Large-scale Leadership Moments don’t come along all that often. But when they do, everyone knows they are important. The scope of these opportunities tends to be very inclusive, impacting entire teams, departments, even organizations. What is not always so clear is the role the leader will play in it.

Leaders not only need to understand what they bring to their jobs—they also must understand what their jobs demand of them. It is in these large opportunities that this recognition of the needs of the position emerge most clearly. What is important here is that leaders understand what these demands entail while also recognizing what skills they need in order to ensure success.

An example of one of these large-scale opportunities is the event we detailed at the beginning of this book. The internet goes out in a remote location, threatening the ability to get work done for everyone at the facility. The leaders involved in resolving the situation each needed to understand their separate roles, the roles of their teams, and the needs of their individual clients.

Failing in this resolution means a significant loss of revenue, client respect, and future business. But, as we saw earlier, it is possible to resolve the situation and still fail to lead effectively. A win-lose solution (resolve the internet problem but perpetuate a system in which the wrong people are solving it) will manage the short-term problem. But it can also unintentionally lead to a recurrence, and it will not teach the individuals involved (both team members and customers) who should most appropriately be involved in the solution.

A win-win solution (which this team eventually employed) resolves both the short-term outage problem and the long-term communication and empowerment issues. In this case, the Managers learned how to step forward as soon as they discover a problem, work with their Director to ensure the most effective solution, and then go to work handling it.

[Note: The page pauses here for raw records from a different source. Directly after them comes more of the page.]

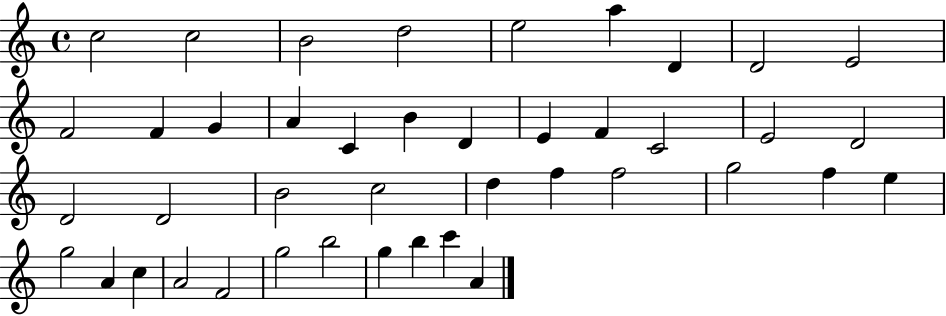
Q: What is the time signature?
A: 4/4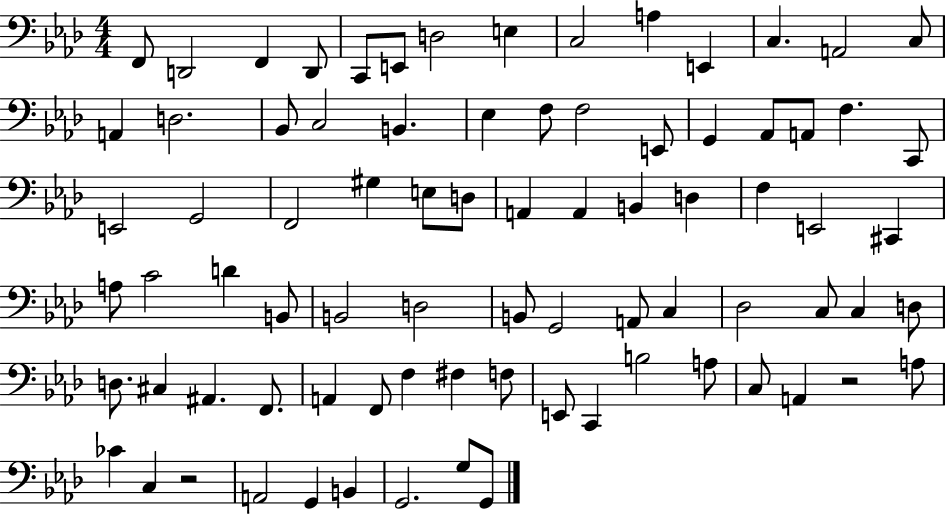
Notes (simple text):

F2/e D2/h F2/q D2/e C2/e E2/e D3/h E3/q C3/h A3/q E2/q C3/q. A2/h C3/e A2/q D3/h. Bb2/e C3/h B2/q. Eb3/q F3/e F3/h E2/e G2/q Ab2/e A2/e F3/q. C2/e E2/h G2/h F2/h G#3/q E3/e D3/e A2/q A2/q B2/q D3/q F3/q E2/h C#2/q A3/e C4/h D4/q B2/e B2/h D3/h B2/e G2/h A2/e C3/q Db3/h C3/e C3/q D3/e D3/e. C#3/q A#2/q. F2/e. A2/q F2/e F3/q F#3/q F3/e E2/e C2/q B3/h A3/e C3/e A2/q R/h A3/e CES4/q C3/q R/h A2/h G2/q B2/q G2/h. G3/e G2/e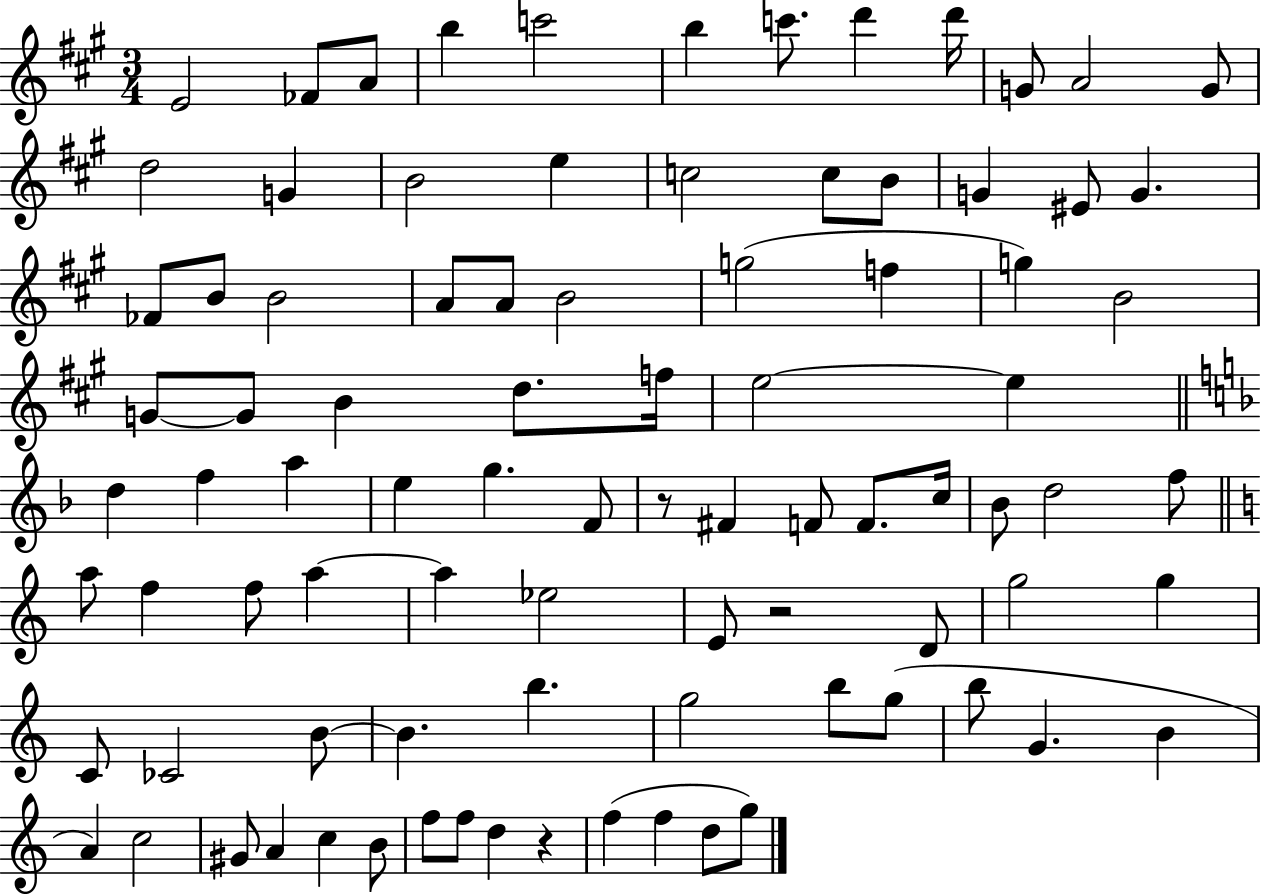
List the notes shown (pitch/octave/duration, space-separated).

E4/h FES4/e A4/e B5/q C6/h B5/q C6/e. D6/q D6/s G4/e A4/h G4/e D5/h G4/q B4/h E5/q C5/h C5/e B4/e G4/q EIS4/e G4/q. FES4/e B4/e B4/h A4/e A4/e B4/h G5/h F5/q G5/q B4/h G4/e G4/e B4/q D5/e. F5/s E5/h E5/q D5/q F5/q A5/q E5/q G5/q. F4/e R/e F#4/q F4/e F4/e. C5/s Bb4/e D5/h F5/e A5/e F5/q F5/e A5/q A5/q Eb5/h E4/e R/h D4/e G5/h G5/q C4/e CES4/h B4/e B4/q. B5/q. G5/h B5/e G5/e B5/e G4/q. B4/q A4/q C5/h G#4/e A4/q C5/q B4/e F5/e F5/e D5/q R/q F5/q F5/q D5/e G5/e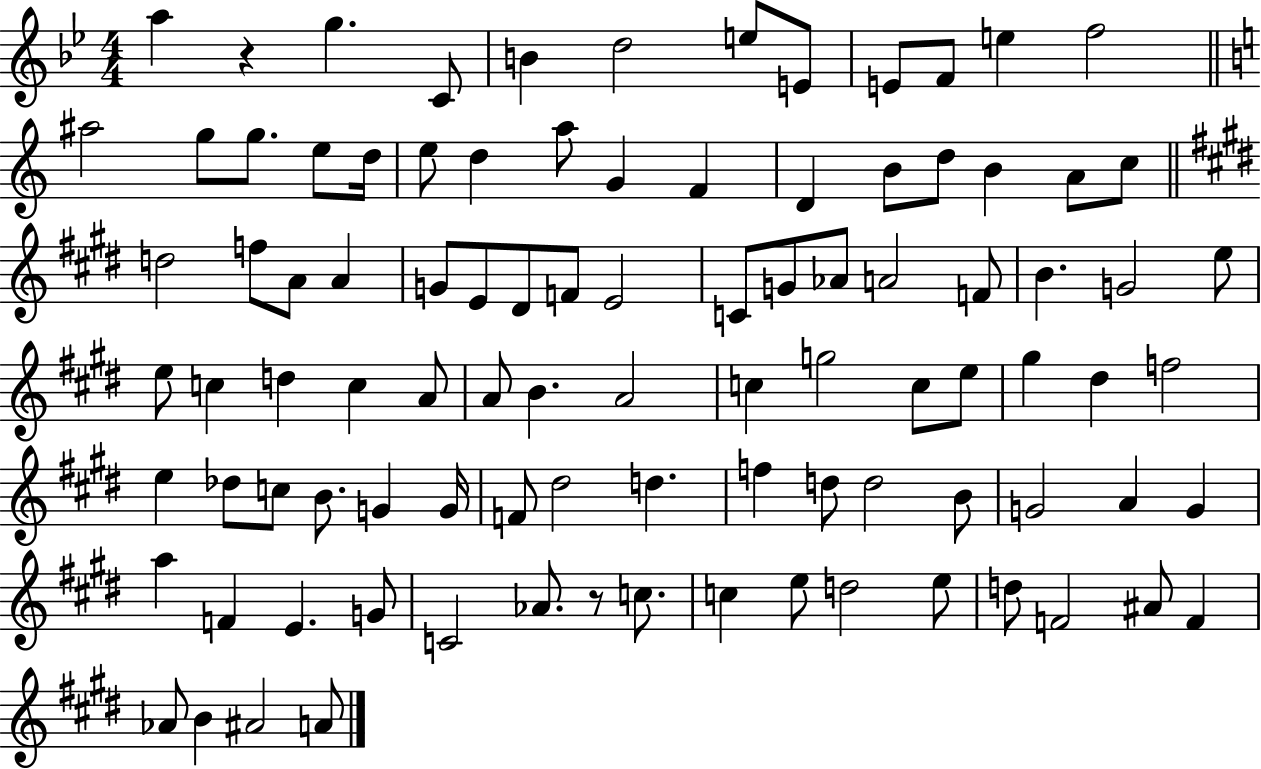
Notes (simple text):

A5/q R/q G5/q. C4/e B4/q D5/h E5/e E4/e E4/e F4/e E5/q F5/h A#5/h G5/e G5/e. E5/e D5/s E5/e D5/q A5/e G4/q F4/q D4/q B4/e D5/e B4/q A4/e C5/e D5/h F5/e A4/e A4/q G4/e E4/e D#4/e F4/e E4/h C4/e G4/e Ab4/e A4/h F4/e B4/q. G4/h E5/e E5/e C5/q D5/q C5/q A4/e A4/e B4/q. A4/h C5/q G5/h C5/e E5/e G#5/q D#5/q F5/h E5/q Db5/e C5/e B4/e. G4/q G4/s F4/e D#5/h D5/q. F5/q D5/e D5/h B4/e G4/h A4/q G4/q A5/q F4/q E4/q. G4/e C4/h Ab4/e. R/e C5/e. C5/q E5/e D5/h E5/e D5/e F4/h A#4/e F4/q Ab4/e B4/q A#4/h A4/e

In the meantime, the Director communicated up the chain of command how the problem will be solved, who will be solving it, and what the time frame will likely be. The higher-level leaders then communicate to their worried counterparts what is being done and reaffirm their confidence in both the solution and the individuals implementing it. Win-win.

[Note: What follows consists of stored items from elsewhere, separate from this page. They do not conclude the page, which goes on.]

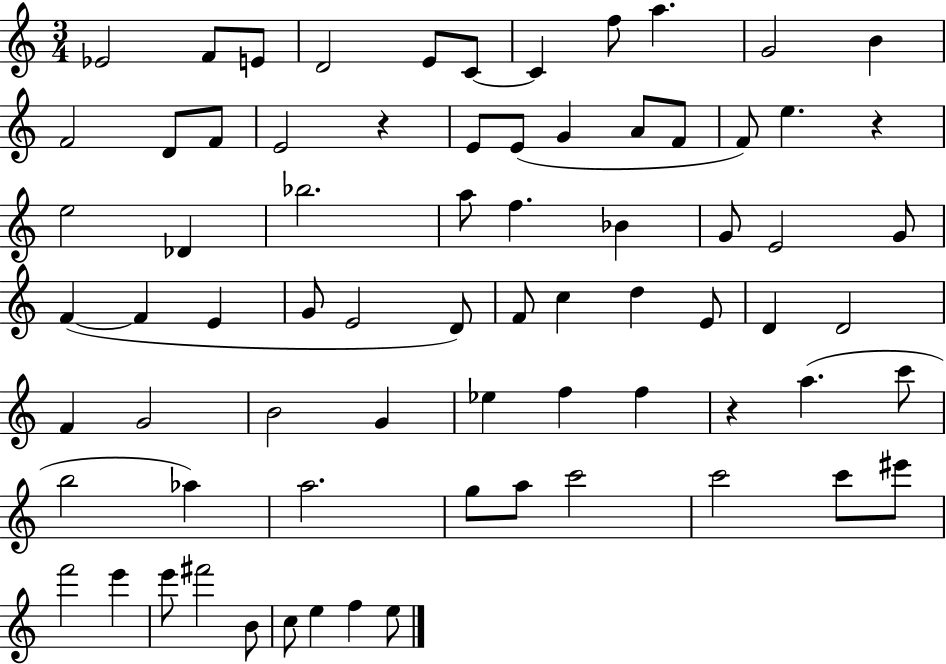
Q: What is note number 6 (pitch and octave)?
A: C4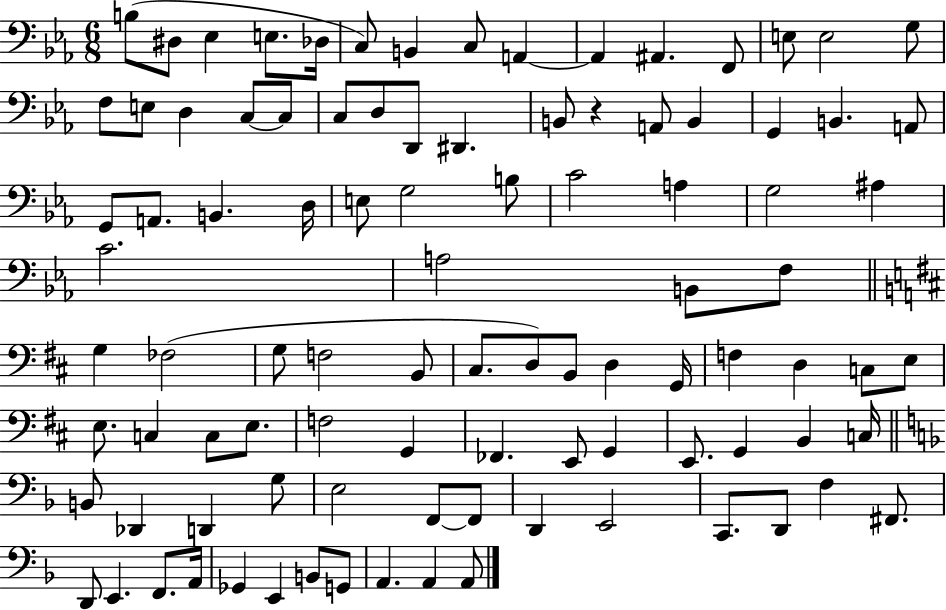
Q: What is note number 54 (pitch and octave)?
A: D3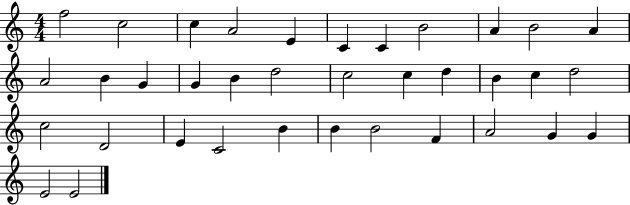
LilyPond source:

{
  \clef treble
  \numericTimeSignature
  \time 4/4
  \key c \major
  f''2 c''2 | c''4 a'2 e'4 | c'4 c'4 b'2 | a'4 b'2 a'4 | \break a'2 b'4 g'4 | g'4 b'4 d''2 | c''2 c''4 d''4 | b'4 c''4 d''2 | \break c''2 d'2 | e'4 c'2 b'4 | b'4 b'2 f'4 | a'2 g'4 g'4 | \break e'2 e'2 | \bar "|."
}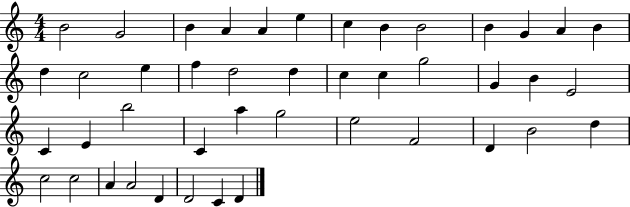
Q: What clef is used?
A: treble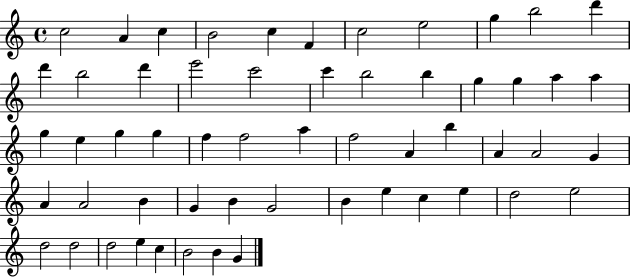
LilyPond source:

{
  \clef treble
  \time 4/4
  \defaultTimeSignature
  \key c \major
  c''2 a'4 c''4 | b'2 c''4 f'4 | c''2 e''2 | g''4 b''2 d'''4 | \break d'''4 b''2 d'''4 | e'''2 c'''2 | c'''4 b''2 b''4 | g''4 g''4 a''4 a''4 | \break g''4 e''4 g''4 g''4 | f''4 f''2 a''4 | f''2 a'4 b''4 | a'4 a'2 g'4 | \break a'4 a'2 b'4 | g'4 b'4 g'2 | b'4 e''4 c''4 e''4 | d''2 e''2 | \break d''2 d''2 | d''2 e''4 c''4 | b'2 b'4 g'4 | \bar "|."
}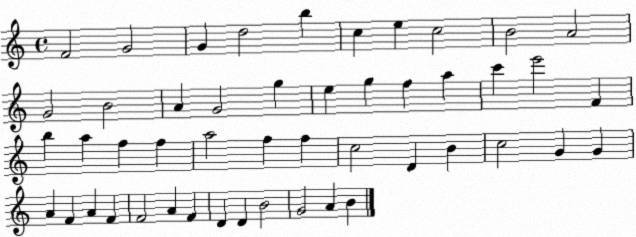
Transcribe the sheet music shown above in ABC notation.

X:1
T:Untitled
M:4/4
L:1/4
K:C
F2 G2 G d2 b c e c2 B2 A2 G2 B2 A G2 g e g f a c' e'2 F b a f f a2 f f c2 D B c2 G G A F A F F2 A F D D B2 G2 A B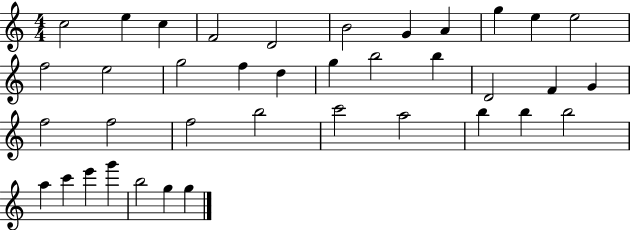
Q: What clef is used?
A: treble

The key is recognizing Leadership Moments

In general, it isn’t necessary for a good leader to spot every one of these Leadership Moments. It IS important to be alert and to recognize enough of these moments to impact the team and the organization in the most positive direction possible.

In short, it is WHAT a leader does with these moments that determines his/her effectiveness. Effective Leadership Moments are characterized by a conscious set of thoughts that trigger a deliberate set of actions.

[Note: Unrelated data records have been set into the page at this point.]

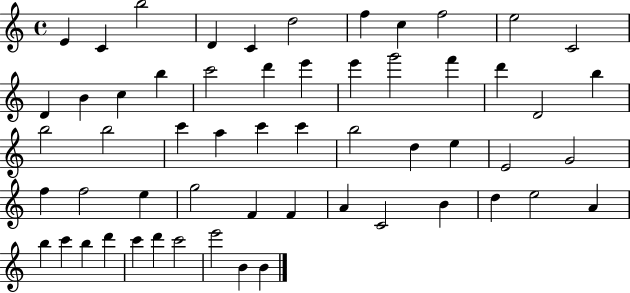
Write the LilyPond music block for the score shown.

{
  \clef treble
  \time 4/4
  \defaultTimeSignature
  \key c \major
  e'4 c'4 b''2 | d'4 c'4 d''2 | f''4 c''4 f''2 | e''2 c'2 | \break d'4 b'4 c''4 b''4 | c'''2 d'''4 e'''4 | e'''4 g'''2 f'''4 | d'''4 d'2 b''4 | \break b''2 b''2 | c'''4 a''4 c'''4 c'''4 | b''2 d''4 e''4 | e'2 g'2 | \break f''4 f''2 e''4 | g''2 f'4 f'4 | a'4 c'2 b'4 | d''4 e''2 a'4 | \break b''4 c'''4 b''4 d'''4 | c'''4 d'''4 c'''2 | e'''2 b'4 b'4 | \bar "|."
}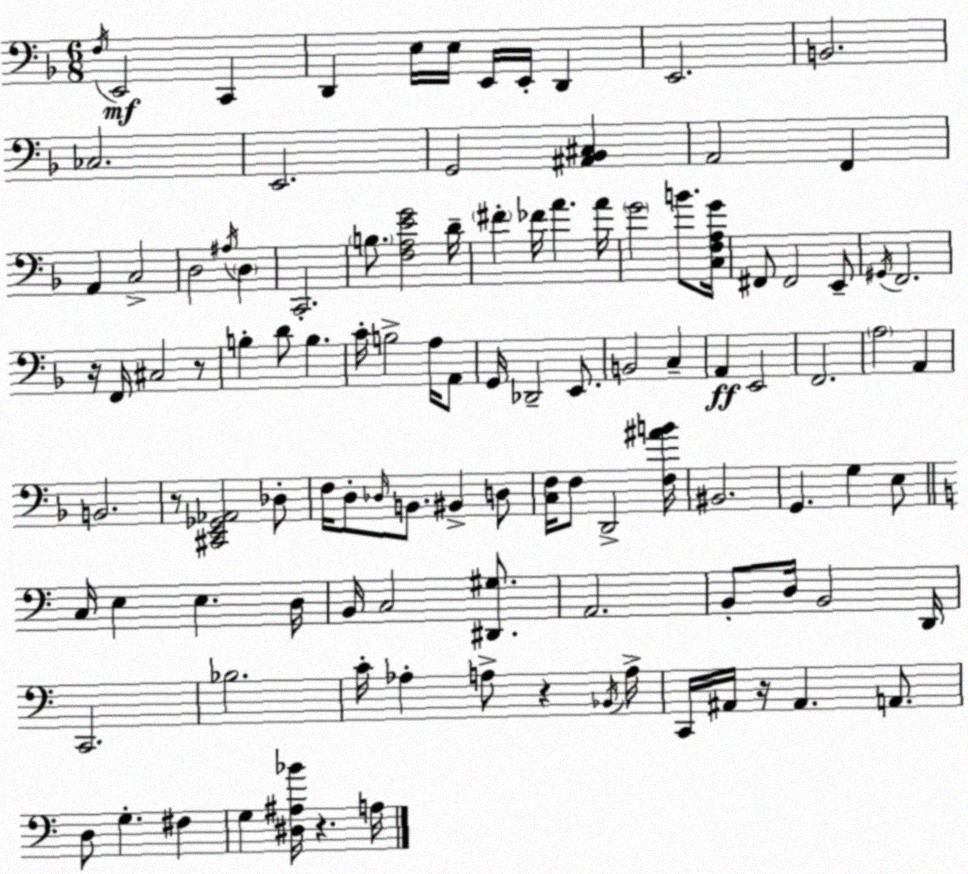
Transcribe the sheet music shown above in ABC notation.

X:1
T:Untitled
M:6/8
L:1/4
K:F
F,/4 E,,2 C,, D,, E,/4 E,/4 E,,/4 E,,/4 D,, E,,2 B,,2 _C,2 E,,2 G,,2 [^A,,_B,,^C,] A,,2 F,, A,, C,2 D,2 ^A,/4 D, C,,2 B,/2 [F,A,EG]2 D/4 ^F _F/4 A A/4 G2 B/2 [C,F,A,G]/4 ^F,,/2 ^F,,2 E,,/2 ^G,,/4 F,,2 z/4 F,,/4 ^C,2 z/2 B, D/2 B, C/4 B,2 A,/4 A,,/2 G,,/4 _D,,2 E,,/2 B,,2 C, A,, E,,2 F,,2 A,2 A,, B,,2 z/2 [^C,,E,,_G,,_A,,]2 _D,/2 F,/4 D,/2 _D,/4 B,,/2 ^B,, D,/2 [C,F,]/4 F,/2 D,,2 [F,^AB]/4 ^B,,2 G,, G, E,/2 C,/4 E, E, D,/4 B,,/4 C,2 [^D,,^G,]/2 A,,2 B,,/2 D,/4 B,,2 D,,/4 C,,2 _B,2 C/4 _A, A,/2 z _B,,/4 A,/4 C,,/4 ^A,,/4 z/4 ^A,, A,,/2 D,/2 G, ^F, G, [^D,^A,_B]/4 z A,/4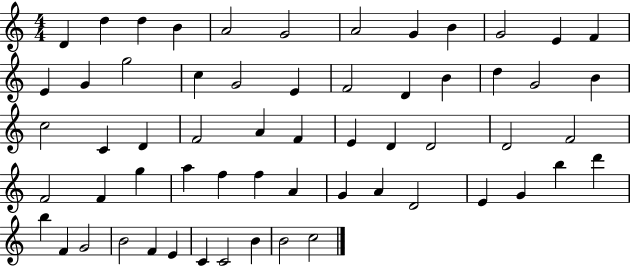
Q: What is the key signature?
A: C major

Practicing the ability to recognize and act on Leadership Moments is a characteristic of a growing, developing leader. We know that changing everyday thought processes has a direct impact on performance. Try keeping track of your workday thoughts and see what you would like to change. Given that a normal human being has somewhere around 6,000 thoughts per day, there are plenty of opportunities to take advantage of even a small percentage of them.

Practicing new behaviors can lead to the discovery of a new sense of accomplishment as skills improve. This is what leads to a substantive change. Getting more comfortable with an improved ability to act out of a higher level of leadership makes it easier to think the thoughts that higher level leaders think.